Di Auditorium Besar di Gedung AkademiUniversitas Leiden, setelah perang, dua jendela kaca patri ditempatkan di kedua sisi mimbar untuk mengenang perlawanan di Leiden. Jendela-jendela ini merujuk pada Willem van Oranje, pendiri universitas dan pendukung kebebasan, serta semboyan universitas praesidium libertatis (benteng kebebasan) dan bagaimana universitas tetap setia pada semboyan tersebut dalam sejarah modern. Jendela-jendela ini juga mengenang para profesor dan mahasiswa yang tewas dalam perang, termasuk Ben Telders dan Johan Huizinga.

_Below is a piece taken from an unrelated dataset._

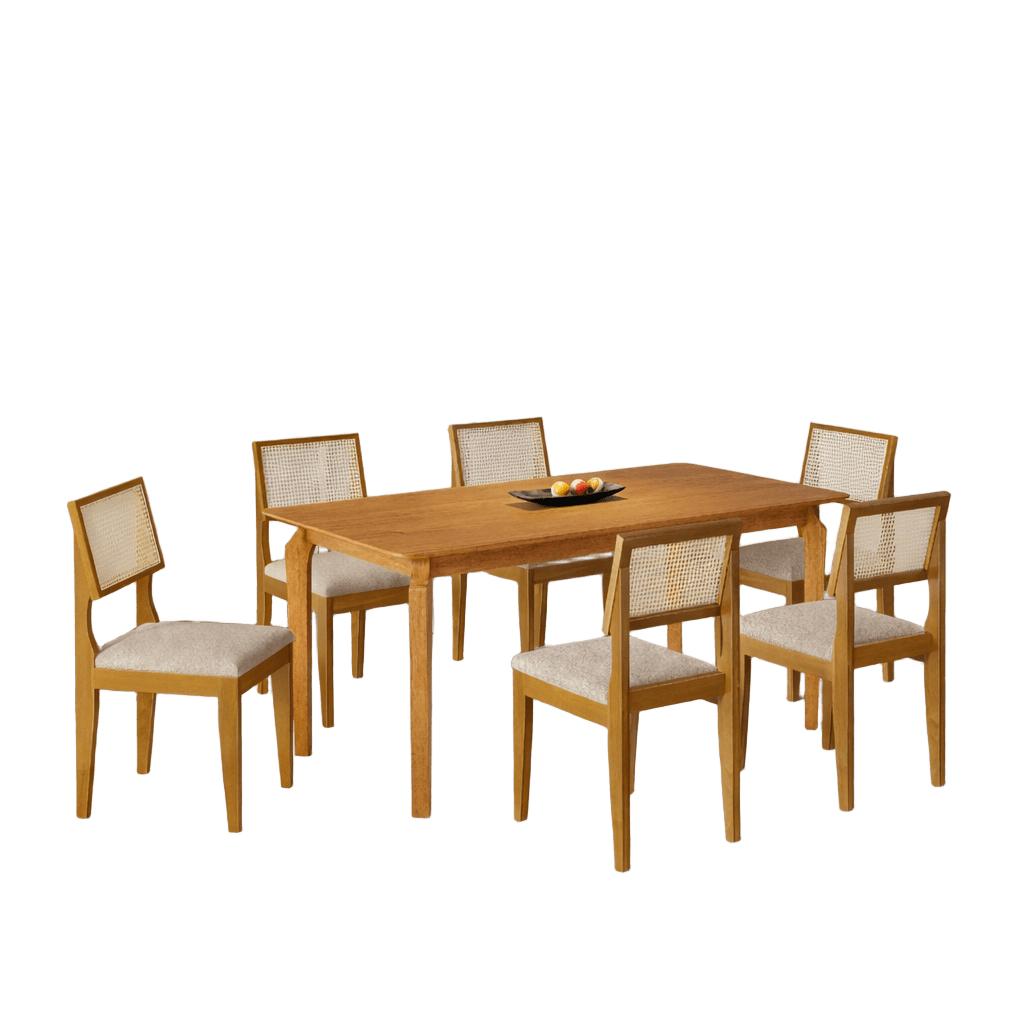 Mesa de Jantar Lorena Tampo Cinamomo 160×80 6 Cadeiras Turmalina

Jendela di sebelah kiri menampilkan seorang profesor sebagai figur sentral, yang merujuk pada pidato Cleveringa serta penghormatan kepada Ben Telders yang meninggal di Bergen-Belsen. Di pita bagian atas tertulis praesidium libertatis (benteng kebebasan), semboyan universitas.[3] Di bawah figur profesor, terdapat sebuah kutipan dari Wilhelmus: "obediëren in der gerechtigheid". Menara jam di Palace of Westminster (Big Ben) di sudut kanan atas merujuk pada periode ketika pemerintah Belanda berada di London. Tentara Jepang dan Jerman di kedua sisi jendela menggambarkan tindakan perang. Adegan lain merujuk pada perlawanan mahasiswa dan pers bawah tanah.